On Saturday, Caitlin Kalinowski said she resigned from OpenAI, arguing that potential uses of AI for warrantless monitoring of Americans and weapon systems operating without a human decision demanded more careful debate than they received. Her exit lands as OpenAI expands into classified Pentagon projects under an arrangement that kept two stated limits in place: no domestic mass surveillance and a requirement for human control over any use of force.

In a post on X, Kalinowski said she still believes AI can matter for national security, but drew hard boundaries around domestic spying without court oversight and lethal autonomy without human authorization.

She also framed the resignation as a values call rather than a personal dispute, while saying she respects Sam Altman and remains proud of what her robotics group built.

“I resigned from OpenAI. I care deeply about the Robotics team and the work we built together. This wasn’t an easy call. AI has an important role in national security. But surveillance of Americans without judicial oversight and lethal autonomy without human authorization are lines that deserved more deliberation than they got. This was about principle, not people. I have deep respect for Sam and the team, and I’m proud of what we built together,” she wrote in the post.

She shared the same message on her LinkedIn post as well.

Caitlin Kalinowskis Bold Departure Sparks Debate

Kalinowski’s concerns echo the same two fault lines now shaping how top AI labs negotiate with the U.S. national security apparatus: surveillance at home and autonomy in the use of force. In her post, she said those issues were not weighed with the level of deliberation she expected.

At the same time, Altman has described OpenAI’s posture changing from avoiding classified engagements to taking them on with the Department of War, calling the shift urgent and more complex than earlier work. He also said OpenAI had previously passed on classified opportunities that rival lab Anthropic accepted.

OpenAI’s Pentagon arrangement, as described alongside Altman’s comments, kept two guardrails intact while adding operational measures such as putting OpenAI engineers on-site to watch model behavior and safety. Altman also said the company would build technical constraints meant to keep systems operating within expected limits, and that the Department of War wanted those protections as well.

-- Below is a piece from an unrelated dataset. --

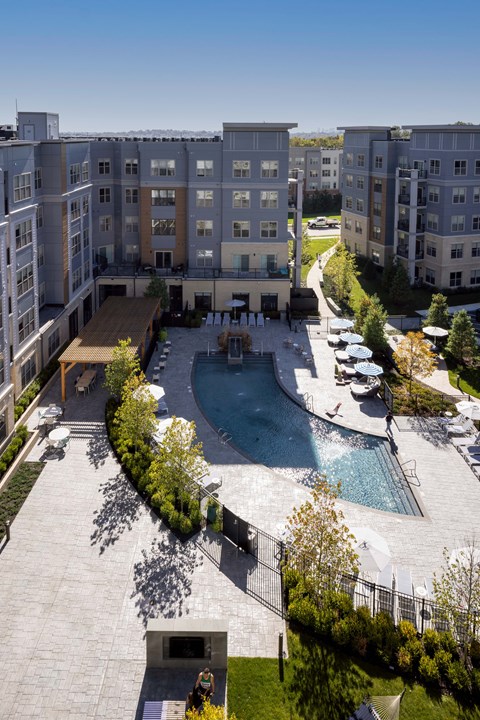 A large swimming pool is surrounded by a patio and a building.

AI Safety Negotiations Amid Pentagon Deal

This resignation comes in the wake of OpenAI’s recent Pentagon deal, which was struck just hours after the Trump administration blacklisted rival Anthropic for refusing to eliminate similar safety clauses from their own agreement. OpenAI’s CEO Sam Altman emphasized that the Department of War accepted two core principles: prohibitions against domestic mass surveillance and a requirement for human oversight in the use of force.

This unfolding situation highlights the contrasting approaches of the two companies, as Anthropic’s refusal to adjust its terms led to a “supply chain risk” designation from Defense Secretary Pete Hegseth, while OpenAI successfully negotiated terms that align with existing U.S. law and policy. This juxtaposition raises questions about the ethical implications of AI in national security, particularly regarding surveillance and autonomous weaponry.

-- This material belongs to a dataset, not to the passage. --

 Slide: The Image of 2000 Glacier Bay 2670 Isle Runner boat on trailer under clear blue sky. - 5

The Pentagon Deal: A Critical Turning Point

When Anthropic refused to change its position, Defense Secretary Pete Hegseth labeled the company a supply chain risk, and President Donald Trump directed agencies and military contractors to cut ties. Anthropic said on Friday it was “deeply saddened,” called the designation “legally unsound,” and warned it would “set a dangerous precedent for any American company that negotiates with the government.”

Altman also said OpenAI negotiated so comparable terms could be available to other AI developers, not only his firm. Even so, the split outcome remains stark: OpenAI says it got acceptance of the two guardrails, while Anthropic ended up blacklisted despite describing similar red lines.

Altman said the Department of War viewed the principles as consistent with existing U.S. law and policy, and he cast OpenAI’s quick move as an attempt to avoid what he viewed as a dangerous competitive trajectory among AI labs. Kalinowski’s resignation, by contrast, spotlights how internal talent may react when the same boundaries are perceived as insufficiently examined.